> **Work item**
The answer is a stretch of the material below, returned exactly: the line containing "lagarta-da-soja, concentrações de", the line containing "mortalidade foi igual", and all lines between.

> **Source data**
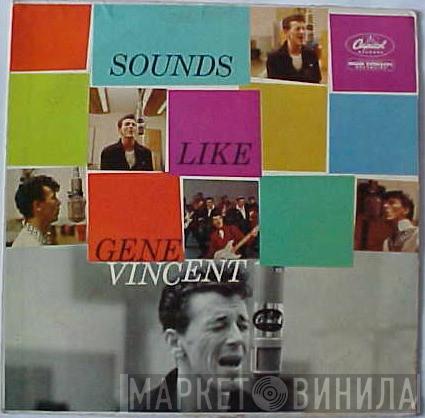  Gene Vincent  - Sounds Like Gene Vincent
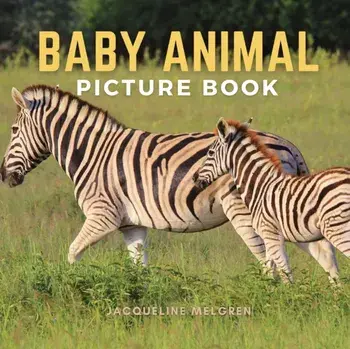 Baby Animal Picture Book: Dementia Patients Gifts for Someone You Love, Paperback/Jacqueline Melgren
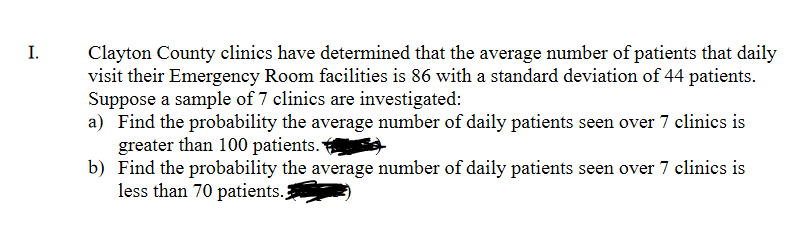 I.
Clayton County clinics have determined that the average number of patients that daily
visit their Emergency Room facilities is 86 with a standard deviation of 44 patients.
Suppose a sample of 7 clinics are investigated:
a) Find the probability the average number of daily patients seen over 7 clinics is
greater than 100 patients.
b) Find the probability the average number of daily patients seen over 7 clinics is
less than 70 patients.
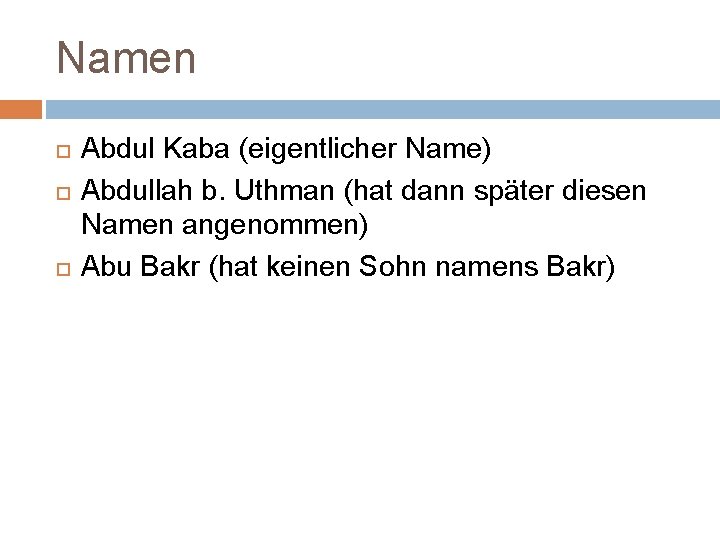 Namen Abdul Kaba (eigentlicher Name) Abdullah b. Uthman (hat dann später diesen Namen angenommen)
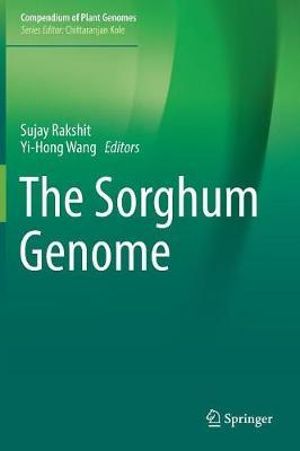 The Sorghum Genome : Compendium of Plant Genomes - Sujay Rakshit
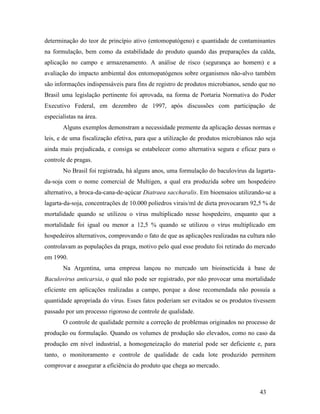 43
determinação do teor de princípio ativo (entomopatógeno) e quantidade de contaminantes
na formulação, bem como da estabilidade do produto quando das preparações da calda,
aplicação no campo e armazenamento. A análise de risco (segurança ao homem) e a
avaliação do impacto ambiental dos entomopatógenos sobre organismos não-alvo também
são informações indispensáveis para fins de registro de produtos microbianos, sendo que no
Brasil uma legislação pertinente foi aprovada, na forma de Portaria Normativa do Poder
Executivo Federal, em dezembro de 1997, após discussões com participação de
especialistas na área.
Alguns exemplos demonstram a necessidade premente da aplicação dessas normas e
leis, e de uma fiscalização efetiva, para que a utilização de produtos microbianos não seja
ainda mais prejudicada, e consiga se estabelecer como alternativa segura e eficaz para o
controle de pragas.
No Brasil foi registrada, há alguns anos, uma formulação do baculovírus da lagarta-
da-soja com o nome comercial de Multigen, a qual era produzida sobre um hospedeiro
alternativo, a broca-da-cana-de-açúcar Diatraea saccharalis. Em bioensaios utilizando-se a
lagarta-da-soja, concentrações de 10.000 poliedros virais/ml de dieta provocaram 92,5 % de
mortalidade quando se utilizou o vírus multiplicado nesse hospedeiro, enquanto que a
mortalidade foi igual ou menor a 12,5 % quando se utilizou o vírus multiplicado em
hospedeiros alternativos, comprovando o fato de que as aplicações realizadas na cultura não
controlavam as populações da praga, motivo pelo qual esse produto foi retirado do mercado
em 1990.
Na Argentina, uma empresa lançou no mercado um bioinseticida à base de
Baculovirus anticarsia, o qual não pode ser registrado, por não provocar uma mortalidade
eficiente em aplicações realizadas a campo, porque a dose recomendada não possuía a
quantidade apropriada do vírus. Esses fatos poderiam ser evitados se os produtos tivessem
passado por um processo rigoroso de controle de qualidade.
O controle de qualidade permite a correção de problemas originados no processo de
produção ou formulação. Quando os volumes de produção são elevados, como no caso da
produção em nível industrial, a homogeneização do material pode ser deficiente e, para
tanto, o monitoramento e controle de qualidade de cada lote produzido permitem
comprovar e assegurar a eficiência do produto que chega ao mercado.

> **The completed task**
lagarta-da-soja, concentrações de 10.000 poliedros virais/ml de dieta provocaram 92,5 % de
mortalidade quando se utilizou o vírus multiplicado nesse hospedeiro, enquanto que a
mortalidade foi igual ou menor a 12,5 % quando se utilizou o vírus multiplicado em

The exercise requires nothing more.